Using Prometheus
Prometheus metrics can be ingested into the MONIT infrastructure for different use cases:
- long term data storage for small Prometheus deployments
- data federation for multiple Prometheus clusters
- central Grafana alarms for Prometheus alerts
Before starting
The first step is to open a SNOW request providing the needed details.
Important
Please respect the agreed data volume/rate. We have limited quota in all backends used by MONIT. Usage is monitored but in case a significant change is required please contact us in advance.
Pushing to MONIT (Pilot)
Prometheus metrics can be pushed to MONIT for long term storage. Currently Grafana Mimir is being used as its backbone. This service relies heavily on S3 compatible APIs, in this case provided by CERN's CEPH. Afterwards, data can be accessed using PromQL compliant queries. The default retention period is 40 days, but a custom retention per tenant can be organized by request.
Sending the data
After creating the SNOW request as explained above, you will be provided with basic authentication credentials needed to
access the service. Once your account is created, you can start pushing the metrics. The simplest way to do so is
by using Prometheus' remote_write
feature sending data to this endpoint. Don't
forget to define the basic_auth.username
field and either basic_auth.password
or
basic_auth.password_file
, and populate them with the provided credentials (tbag service secret).
- url: http://monit-prom-lts.cern.ch/api/v1/push
basic_auth:
username: "{{ tenant }}"
password_file: "{{ path_to_file }}"
Using Prometheus to write data is not mandatory. The same can be achieved with POST requests to the previously mentioned URL with the appropriate basic authentication and a document scheme compliant with OpenMetrics specification version v1.0.0.
Accessing the data
Data which has already been sent can be accessed from your organization in central MONIT Grafana. To access it, you will need the same credentials used for Basic Authentication when sending the metrics and set http://monit-prom-lts.cern.ch/prometheus as the URL of the Prometheus datasource (Have a look to Data access).
There's not direct Prometheus interface to your tenant metrics, but Grafana offers the "explore" option, which will give you similar functionality allowing to put quick queries, autocompletion...
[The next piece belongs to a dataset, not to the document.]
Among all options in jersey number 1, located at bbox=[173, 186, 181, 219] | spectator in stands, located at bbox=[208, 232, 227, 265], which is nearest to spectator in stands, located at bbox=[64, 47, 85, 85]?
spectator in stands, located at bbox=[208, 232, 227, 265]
Remote read from Prometheus
One recommended setup when you are sending data using a Prometheus instance and remote write is to configure it to use Mimir as the remote read endpoint. This will allow you to keep in your Prometheus a shorter time retention of data and still query through it longer periods transparently using Mimir as the backend for data outside the Prometheus TSDB. You will find this useful as even in the event of a central Mimir downtime you will still have access to your recent data in your own Prometheus, allowing you to keep operating until the central service is restored.
In order to configure the remote read please use the following as example:
- url: http://monit-prom-lts.cern.ch/prometheus/api/v1/read
basic_auth:
username: "{{ tenant }}"
password_file: "{{ path_to_file }}"
filter_external_labels: false #This is needed only if you are injecting external labels when remote writing
High availability setup
Thanks to Mimir, it's possible to establish a high availability setup of Prometheus. This is achieved by having multiple instances push metrics related to the same targets, thus creating parallel streams of data. A deduplication process is then performed by selecting a leading instance within each cluster. If this instance is not sending samples for a certain amount of time, a new leader is selected.
In order to take advantage of the HA setup two labels must be added to each send sample:
- __cluster__: ID of cluster of Prometheus instances
- __replica__: ID of replica within said cluster
Tenant operation dashboards
There's a set of dashboards that will allow you to understand your tenant utilization (time series, metrics number, label distribution...). These dashboards need to be set by the MONIT admins in your infrastructure, so ask for them if you are interested.
Alertmanager
As part of the Mimir tenant you will also receive an alertmanager instance, this instance can be configured using Grafana 10 interface, but until that's available have a look into mimir tools, that will allow you to configure the alertmanager using a CLI with your user/password.
Alertmanager will have access to any rules set for your tenant, so they are isolated and can't work on other tenant metrics.